Chris Bambery is an author, political activist and commentator, and a supporter of Rise, the radical left wing coalition in Scotland. He is co-author with George Kerevan of Catalonia Reborn, which will be published by Luath Press in March 2017

 

Eight Catalan government ministers remain in Spanish jails, as do the heads of Catalonia’s two main civic pro-independence groups, the Catalan National Assembly’s Jordi Sànchez and Omnium’s Jordi Cuixart.

All were jailed by Spain’s National Court. This has a rather murky history. It was created on 5 January 1977, little over a year after the death of the Spanish dictator, General Francesco Franco. Just 24 hours earlier his Court of Public Order had been dissolved. Its president and judges were all then re-appointed to head the new National Court.

Unlike his allies, Hitler and Mussolini, Franco died in bed, after doctors finally switched off his life support machine. In Germany and Italy there was an attempt at cleansing the state of their Nazi and Fascist past, however flawed. In Spain there was no such attempt in the transition to parliamentary democracy following the death of Franco.

Catalans watching their leaders being arrayed before this court are asking just how much really changed during the post-Franco transition, which established the current monarchy, parliamentary system, rule of law and much more?

Anyone watching current events in Catalonia must be all too aware that the Spanish Civil War of 1936-1939 and the dictatorship that followed still casts a dark shadow over Spain, and not least in Catalonia, the centre of resistance to Franco.

How, might you ask, can events eight decades ago, still have a bearing on modern Spain, which has surely moved on from those totalitarian days. Well one answer is to recall that the American Civil War and slavery is still the cause of protests across the Southern States of the USA, as protesters demand the removal of monuments to the Confederacy.

Franco still lies in a tomb in the basilica of the Valley of the Fallen outside Madrid. A memorial to the victors of the Civil War built by Republican prisoners of war used as slave labour. Despite calls to shut it down it retains a publicly funded national monument. Each November supporters of Franco still gather there to raise their arms in his honour in the fascist salute.

In October -Franco supporters blocked the attempt by Madrid’s left-wing mayor to rename 52 streets commemorating figures and events in the Civil War and dictatorship.

Spain is second only to Cambodia in having the most mass graves, in the majority where Republican supporters and opponents of Franco were dumped in unmarked graves during the Civil War and the repression which followed the Nationalist victory.

In 2013, the United Nations urged Spain to investigate the disappearances of civilians during the Civil War and Franco’s dictatorship. A report by the UN Working Group on Enforced or Involuntary Disappearances told the Spanish government to act immediately “given the lapse of time since most of the enforced disappearances began and the advanced age of many of the witnesses and family members.”
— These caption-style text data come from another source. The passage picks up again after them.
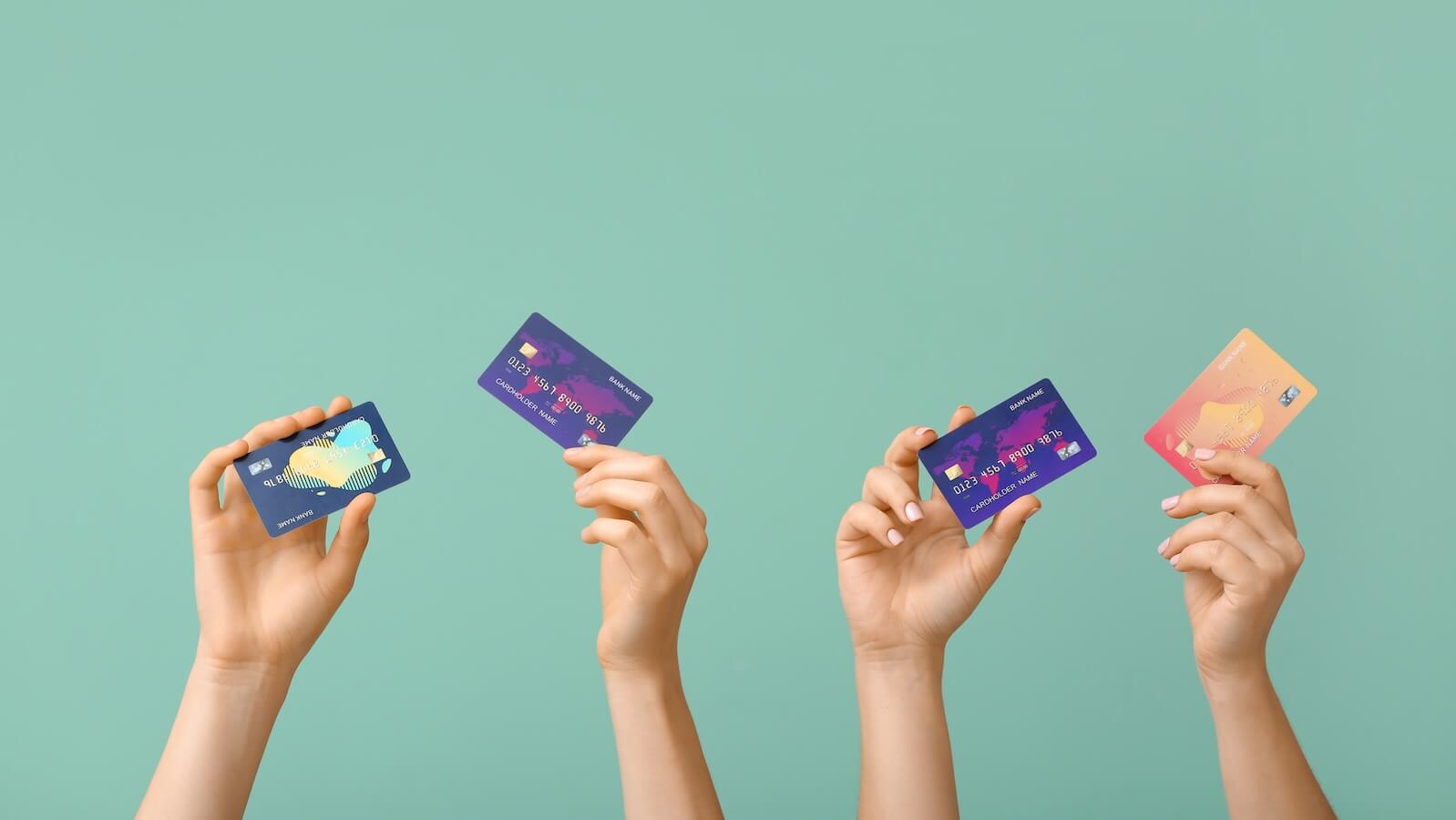 hands with credit cards: Visa and Mastercard stock prices hit record high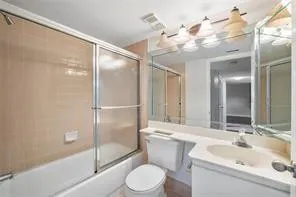 a bathroom with a sink toilet and shower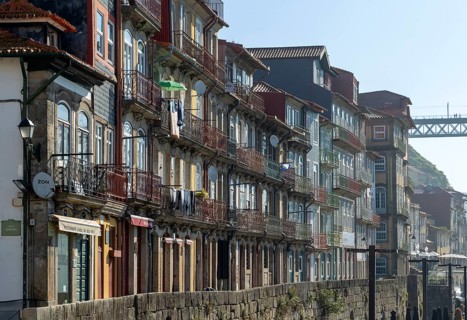 Historic buildings with balconies on waterfront of Ribeira district, city of Porto, Portugal,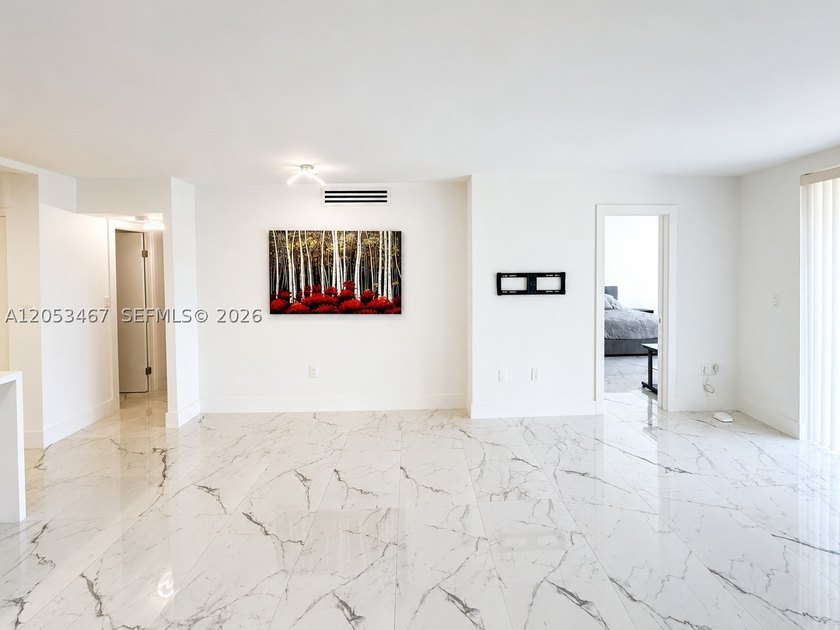 Beautifully remodeled 2-bedroom + den, 2-bath residence has the - photo 7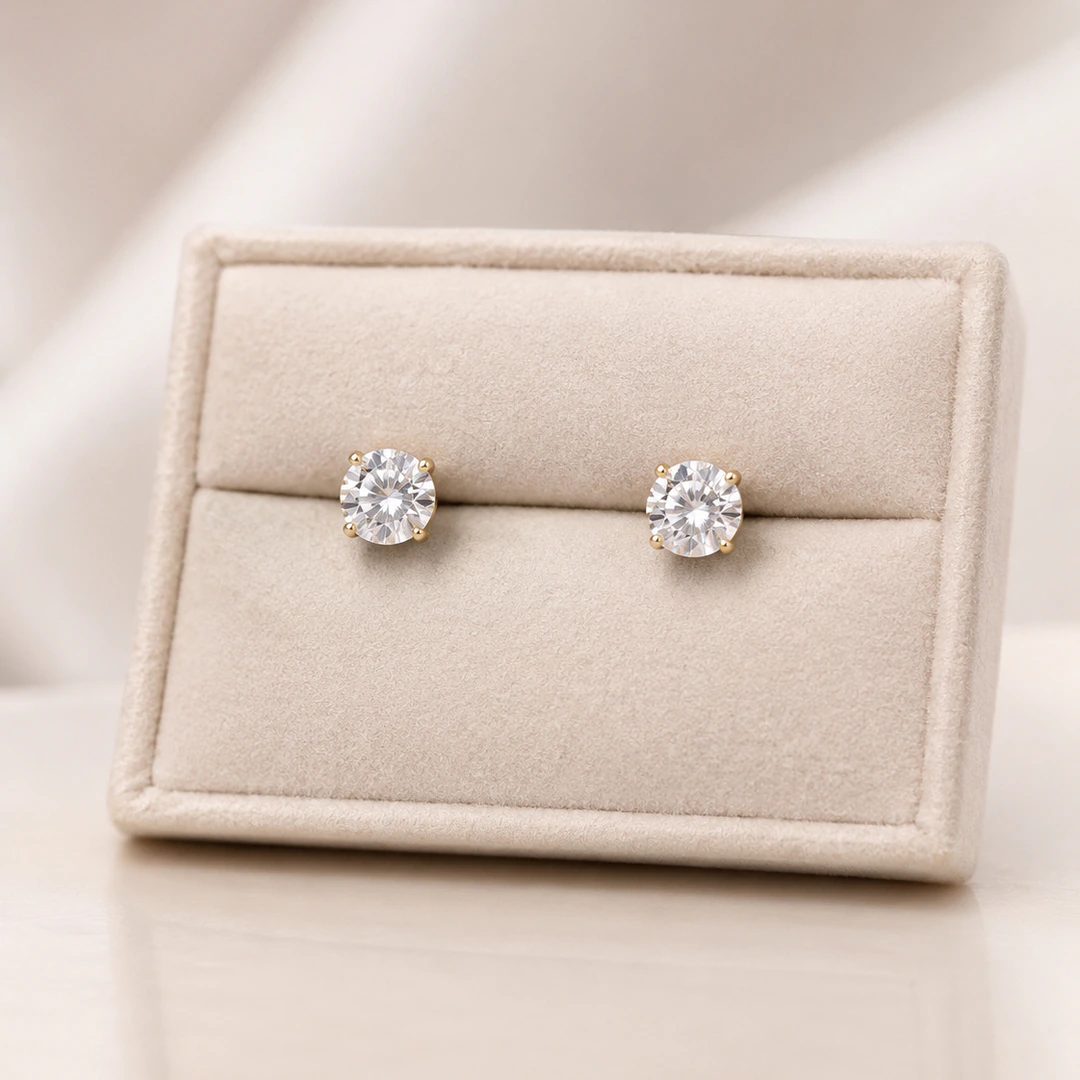 Puces d'oreilles brillantes à cristal rond transparent et monture dorée dans un écrin crème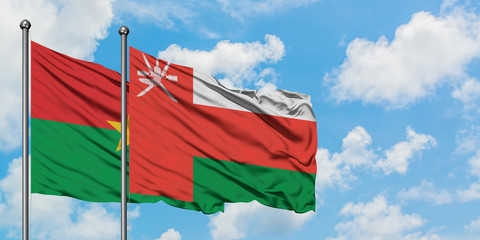 Burkina Faso and Oman flag waving in the wind against white cloudy blue sky together. Diplomacy concept, international relations.
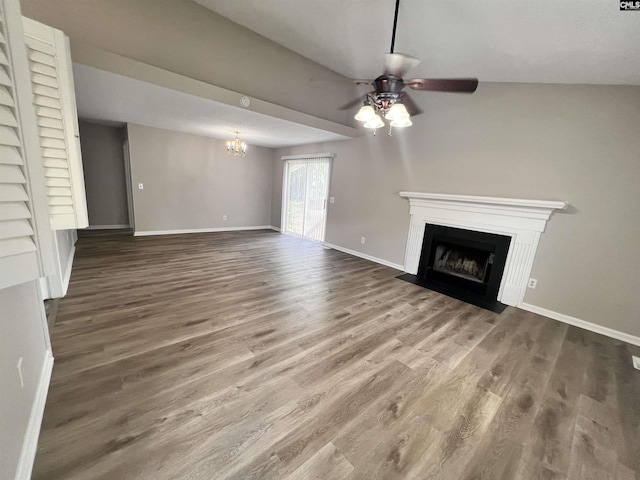 unfurnished living room with hardwood / wood-style flooring and ceiling fan with notable chandelier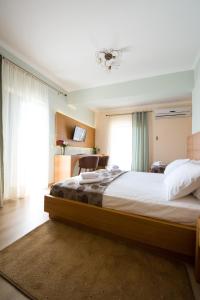 Cama o camas de una habitación en Olympion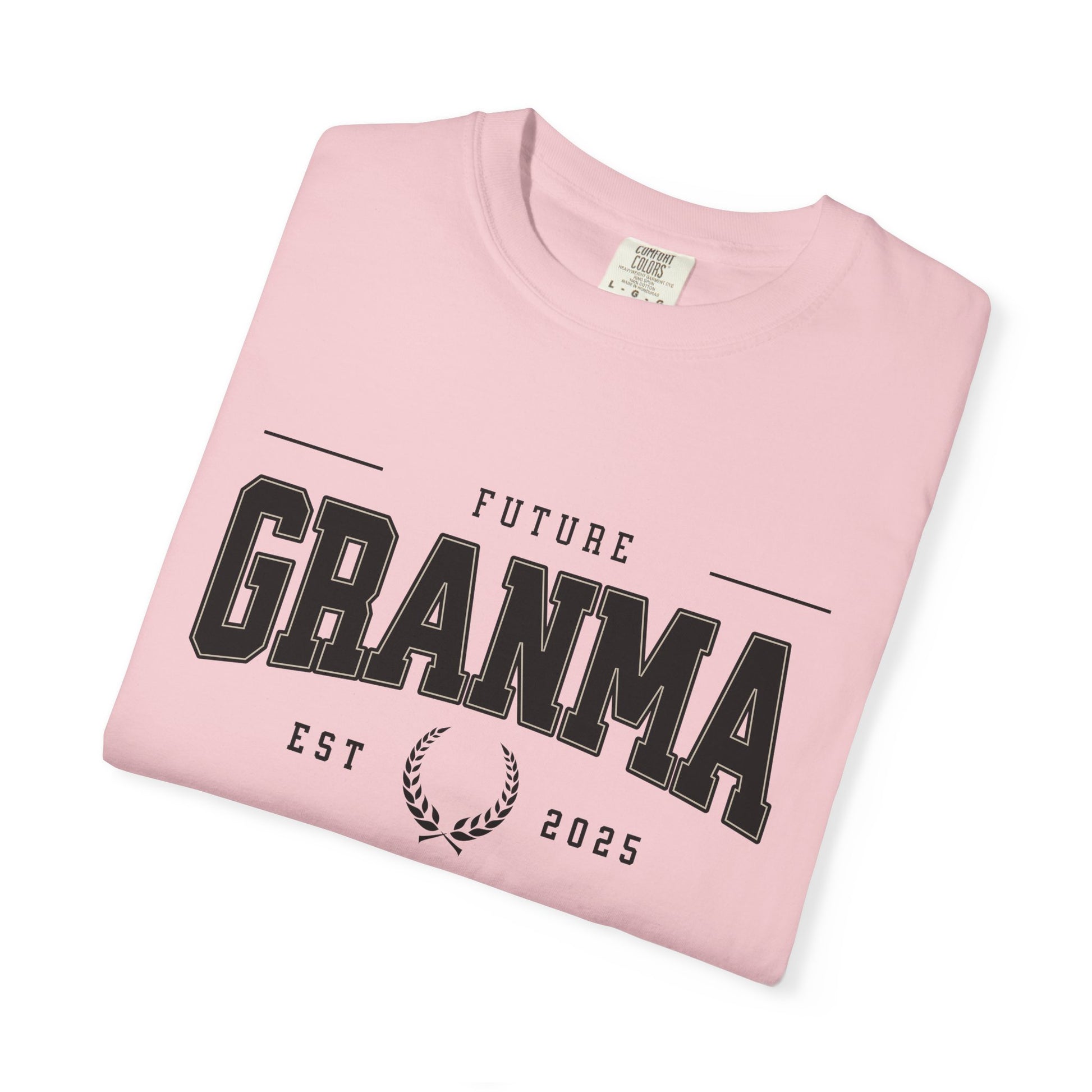 Pink t-shirt with 'Future Granma Est 2025' text on a white background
A follow-up of the 2013 report is to be published in September. The head of the group, Ariel Dulitzky, said that “regrettably, there have been no changes.”

Nine years ago, a Socialist Government in Madrid passed the Historical Memory Law obliging the Spanish government to aid in the exhumation of wartime burial sites containing unidentified bodies. It had to be watered down to get the approval of the opposition Popular Party. The pro-independence Catalan Republican Left refused to back the law saying it was too soft and lets old Francoists off the hook.

Since the right wing Popular Party government Mariano Rajoy took office in 2011 It has refused to open the archives which might help in the search for the graves. Two years ago, it cited a 1977 amnesty declared for all those involved in acts of violence before 1977, when refusing a request from the Argentinian government for two police officers accused of torture during the Franco dictatorship.

During the transition all the major parties – including the Communist and Socialist Parties – agreed to this amnesty which shielded those involved in torture and human rights abuses during the dictatorship. In Barcelona the secret police had already destroyed the documentation which might have brought them into the dock for murder and torture (the same building where the torture was carried out is now the offices of the Spanish National Police).

As well as the amnesty they also agreed the Pacto del Olvido (Pact of Forgetting), which aimed to draw a line under the Spanish Civil War, in effect burying discussion of it so as not to embarrass those who’d loyally served Franco but had now rebranded themselves as democrats.

But some people don’t want to forget. Last month Pablo Casado, a spokesman for Spain’s ruling party, issued a warning to the Catalan president Carles Puigdemont if he declared independence, stating:

“Anybody that declares it could end up like the one who tried it 83 years ago.”

The reference is to President Lluis Companys who in 1934 faced with semi-fascists joining a right-wing government in Madrid declared Catalonia independent (the Socialist Party promised an uprising but that only took place in Asturias and was crushed by… Franco). Spanish troops stormed the Catalan parliament seizing Companys and his cabinet. Tried by a military tribunal they were jailed for 30 years, only to be released at the beginning of 1936 when the left wing Popular Front won parliamentary elections.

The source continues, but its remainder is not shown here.